(Short text fragments from websites)
★ ★ ★ ★ ★

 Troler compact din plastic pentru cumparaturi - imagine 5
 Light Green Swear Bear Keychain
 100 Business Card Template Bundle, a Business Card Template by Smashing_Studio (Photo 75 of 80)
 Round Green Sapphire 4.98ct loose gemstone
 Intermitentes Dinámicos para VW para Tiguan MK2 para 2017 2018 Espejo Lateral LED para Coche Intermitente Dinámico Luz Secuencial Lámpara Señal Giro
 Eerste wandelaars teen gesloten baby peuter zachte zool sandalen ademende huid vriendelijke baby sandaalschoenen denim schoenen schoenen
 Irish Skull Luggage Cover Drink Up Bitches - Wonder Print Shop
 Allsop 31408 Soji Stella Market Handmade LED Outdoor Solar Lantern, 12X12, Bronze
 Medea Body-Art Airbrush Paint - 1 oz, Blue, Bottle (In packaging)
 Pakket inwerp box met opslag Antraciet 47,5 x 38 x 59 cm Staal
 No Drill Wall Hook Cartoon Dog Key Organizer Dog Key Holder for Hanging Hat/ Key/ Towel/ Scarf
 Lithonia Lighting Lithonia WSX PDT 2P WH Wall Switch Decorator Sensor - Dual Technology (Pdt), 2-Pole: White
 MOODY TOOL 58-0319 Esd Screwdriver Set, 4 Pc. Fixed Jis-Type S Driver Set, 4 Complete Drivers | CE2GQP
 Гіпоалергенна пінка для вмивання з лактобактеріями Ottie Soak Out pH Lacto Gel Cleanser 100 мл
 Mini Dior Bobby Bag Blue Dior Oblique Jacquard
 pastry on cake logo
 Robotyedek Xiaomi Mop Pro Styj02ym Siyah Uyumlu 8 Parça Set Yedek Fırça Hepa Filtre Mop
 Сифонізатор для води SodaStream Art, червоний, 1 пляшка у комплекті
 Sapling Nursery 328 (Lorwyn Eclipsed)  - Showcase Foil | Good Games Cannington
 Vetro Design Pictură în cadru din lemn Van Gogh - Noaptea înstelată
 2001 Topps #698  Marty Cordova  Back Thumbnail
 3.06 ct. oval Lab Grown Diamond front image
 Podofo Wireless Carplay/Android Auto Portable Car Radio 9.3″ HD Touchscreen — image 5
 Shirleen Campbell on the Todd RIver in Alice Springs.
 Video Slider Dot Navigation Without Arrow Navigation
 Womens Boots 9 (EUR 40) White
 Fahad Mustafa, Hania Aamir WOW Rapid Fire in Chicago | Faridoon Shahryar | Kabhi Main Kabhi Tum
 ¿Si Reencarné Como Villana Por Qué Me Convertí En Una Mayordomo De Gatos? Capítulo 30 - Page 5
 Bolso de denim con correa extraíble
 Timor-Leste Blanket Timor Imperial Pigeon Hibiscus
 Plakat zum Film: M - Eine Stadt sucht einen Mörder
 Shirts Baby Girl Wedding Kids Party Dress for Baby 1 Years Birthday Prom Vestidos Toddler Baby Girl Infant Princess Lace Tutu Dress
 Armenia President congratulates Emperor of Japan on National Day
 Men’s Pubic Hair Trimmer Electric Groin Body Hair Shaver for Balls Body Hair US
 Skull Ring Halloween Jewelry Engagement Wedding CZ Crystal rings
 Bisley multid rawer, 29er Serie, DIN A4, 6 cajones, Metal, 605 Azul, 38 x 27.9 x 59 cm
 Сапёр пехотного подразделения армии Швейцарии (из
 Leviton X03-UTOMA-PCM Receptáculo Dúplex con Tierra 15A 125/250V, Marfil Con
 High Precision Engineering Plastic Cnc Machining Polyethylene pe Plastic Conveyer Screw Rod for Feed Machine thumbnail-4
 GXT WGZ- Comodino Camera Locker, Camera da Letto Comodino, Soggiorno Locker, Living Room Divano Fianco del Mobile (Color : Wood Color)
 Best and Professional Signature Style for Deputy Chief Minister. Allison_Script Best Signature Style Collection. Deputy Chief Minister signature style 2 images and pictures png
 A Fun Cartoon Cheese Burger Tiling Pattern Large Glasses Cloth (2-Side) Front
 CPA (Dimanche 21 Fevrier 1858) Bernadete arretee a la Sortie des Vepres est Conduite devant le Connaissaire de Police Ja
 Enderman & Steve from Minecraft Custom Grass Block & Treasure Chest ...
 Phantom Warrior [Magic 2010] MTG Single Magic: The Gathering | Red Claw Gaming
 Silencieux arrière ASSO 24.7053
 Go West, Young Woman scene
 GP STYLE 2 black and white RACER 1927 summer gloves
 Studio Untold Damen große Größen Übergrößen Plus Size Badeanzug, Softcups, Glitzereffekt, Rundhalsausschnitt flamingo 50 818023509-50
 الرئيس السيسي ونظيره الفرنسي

★ ★ ★ ★ ★

> _WHAT YOU WILL DO_
Return the full data above, line for line.

> _EXERCISE OUTPUT_
 Troler compact din plastic pentru cumparaturi - imagine 5
 Light Green Swear Bear Keychain
 100 Business Card Template Bundle, a Business Card Template by Smashing_Studio (Photo 75 of 80)
 Round Green Sapphire 4.98ct loose gemstone
 Intermitentes Dinámicos para VW para Tiguan MK2 para 2017 2018 Espejo Lateral LED para Coche Intermitente Dinámico Luz Secuencial Lámpara Señal Giro
 Eerste wandelaars teen gesloten baby peuter zachte zool sandalen ademende huid vriendelijke baby sandaalschoenen denim schoenen schoenen
 Irish Skull Luggage Cover Drink Up Bitches - Wonder Print Shop
 Allsop 31408 Soji Stella Market Handmade LED Outdoor Solar Lantern, 12X12, Bronze
 Medea Body-Art Airbrush Paint - 1 oz, Blue, Bottle (In packaging)
 Pakket inwerp box met opslag Antraciet 47,5 x 38 x 59 cm Staal
 No Drill Wall Hook Cartoon Dog Key Organizer Dog Key Holder for Hanging Hat/ Key/ Towel/ Scarf
 Lithonia Lighting Lithonia WSX PDT 2P WH Wall Switch Decorator Sensor - Dual Technology (Pdt), 2-Pole: White
 MOODY TOOL 58-0319 Esd Screwdriver Set, 4 Pc. Fixed Jis-Type S Driver Set, 4 Complete Drivers | CE2GQP
 Гіпоалергенна пінка для вмивання з лактобактеріями Ottie Soak Out pH Lacto Gel Cleanser 100 мл
 Mini Dior Bobby Bag Blue Dior Oblique Jacquard
 pastry on cake logo
 Robotyedek Xiaomi Mop Pro Styj02ym Siyah Uyumlu 8 Parça Set Yedek Fırça Hepa Filtre Mop
 Сифонізатор для води SodaStream Art, червоний, 1 пляшка у комплекті
 Sapling Nursery 328 (Lorwyn Eclipsed)  - Showcase Foil | Good Games Cannington
 Vetro Design Pictură în cadru din lemn Van Gogh - Noaptea înstelată
 2001 Topps #698  Marty Cordova  Back Thumbnail
 3.06 ct. oval Lab Grown Diamond front image
 Podofo Wireless Carplay/Android Auto Portable Car Radio 9.3″ HD Touchscreen — image 5
 Shirleen Campbell on the Todd RIver in Alice Springs.
 Video Slider Dot Navigation Without Arrow Navigation
 Womens Boots 9 (EUR 40) White
 Fahad Mustafa, Hania Aamir WOW Rapid Fire in Chicago | Faridoon Shahryar | Kabhi Main Kabhi Tum
 ¿Si Reencarné Como Villana Por Qué Me Convertí En Una Mayordomo De Gatos? Capítulo 30 - Page 5
 Bolso de denim con correa extraíble
 Timor-Leste Blanket Timor Imperial Pigeon Hibiscus
 Plakat zum Film: M - Eine Stadt sucht einen Mörder
 Shirts Baby Girl Wedding Kids Party Dress for Baby 1 Years Birthday Prom Vestidos Toddler Baby Girl Infant Princess Lace Tutu Dress
 Armenia President congratulates Emperor of Japan on National Day
 Men’s Pubic Hair Trimmer Electric Groin Body Hair Shaver for Balls Body Hair US
 Skull Ring Halloween Jewelry Engagement Wedding CZ Crystal rings
 Bisley multid rawer, 29er Serie, DIN A4, 6 cajones, Metal, 605 Azul, 38 x 27.9 x 59 cm
 Сапёр пехотного подразделения армии Швейцарии (из
 Leviton X03-UTOMA-PCM Receptáculo Dúplex con Tierra 15A 125/250V, Marfil Con
 High Precision Engineering Plastic Cnc Machining Polyethylene pe Plastic Conveyer Screw Rod for Feed Machine thumbnail-4
 GXT WGZ- Comodino Camera Locker, Camera da Letto Comodino, Soggiorno Locker, Living Room Divano Fianco del Mobile (Color : Wood Color)
 Best and Professional Signature Style for Deputy Chief Minister. Allison_Script Best Signature Style Collection. Deputy Chief Minister signature style 2 images and pictures png
 A Fun Cartoon Cheese Burger Tiling Pattern Large Glasses Cloth (2-Side) Front
 CPA (Dimanche 21 Fevrier 1858) Bernadete arretee a la Sortie des Vepres est Conduite devant le Connaissaire de Police Ja
 Enderman & Steve from Minecraft Custom Grass Block & Treasure Chest ...
 Phantom Warrior [Magic 2010] MTG Single Magic: The Gathering | Red Claw Gaming
 Silencieux arrière ASSO 24.7053
 Go West, Young Woman scene
 GP STYLE 2 black and white RACER 1927 summer gloves
 Studio Untold Damen große Größen Übergrößen Plus Size Badeanzug, Softcups, Glitzereffekt, Rundhalsausschnitt flamingo 50 818023509-50
 الرئيس السيسي ونظيره الفرنسي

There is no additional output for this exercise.